Introduction

Duchenne muscular dystrophy (DMD) is the most common form of childhood muscular dystrophy worldwide, with prevalence estimates of 4.78/100,000 males [1, 2]. The clinical course is marked by progressive skeletal muscle weakness and death in early adulthood from respiratory or cardiac failure. Median age at critical milestones includes, loss of ambulation at 11.3 years, development of cardiomyopathy at 16.7 years, initiation of non-invasive ventilation at 18 years, and death at 21.8 years [3]. Cardiac disease in DMD manifests as cardiomyopathy (CM), that progresses with age, and/or cardiac arrhythmia [4, 5]. While only 25% of boys with DMD have CM by age 6 years, cardiac involvement is nearly universal in older patients, with more than 90% of men > 18 years of age demonstrating cardiac dysfunction [6]. Survival, neuromuscular function, and quality of life in DMD are improving due to glucocorticoid (GC) treatment and advances in respiratory care, and as a result, cardiac disease is increasing as a major cause of death [7,8,9,10,11,12,13,14].

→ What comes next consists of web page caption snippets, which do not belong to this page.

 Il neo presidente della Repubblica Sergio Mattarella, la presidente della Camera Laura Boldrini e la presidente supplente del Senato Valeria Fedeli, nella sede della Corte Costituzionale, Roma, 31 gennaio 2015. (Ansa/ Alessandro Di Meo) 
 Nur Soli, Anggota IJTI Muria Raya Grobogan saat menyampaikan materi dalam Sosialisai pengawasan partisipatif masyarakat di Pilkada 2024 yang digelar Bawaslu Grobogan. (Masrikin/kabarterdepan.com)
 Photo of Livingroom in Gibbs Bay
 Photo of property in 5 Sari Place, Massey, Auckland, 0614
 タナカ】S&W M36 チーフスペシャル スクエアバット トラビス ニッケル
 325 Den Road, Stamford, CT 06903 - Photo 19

Benefits of GC therapy for DMD patients include prolonged ambulation, less spinal stabilization surgery, improved cardiopulmonary function, delayed non-invasive ventilation requirements, and increased survival and quality of life [8]. Life expectancy for DMD patients has increased over time, highlighted in several series worldwide [9,10,11,12]. Passamano et al. (Italy), assessed mortality at age 20 and 25 years for DMD patients born over several decades and found that for those born in the 1960s; 76.7% would have died by age 20 years and 86.5% by age 25 years, whereas for those born in the 1980s; 40.2% would have died by age 20 years and 50.8% by age 25 years. The authors attributed this improvement in part to nocturnal ventilation [9]. Kieny et al. (France) reported median survival of 25.8 years for DMD patients born from 1955–1969, increasing to 40.9 years for patients born after 1970 with the use of ventilatory support. By comparison, these advances in respiratory therapy yielded a proportionate increase in cardiac causes of death from 8 to 44% over the same time period (1981–2011) [12].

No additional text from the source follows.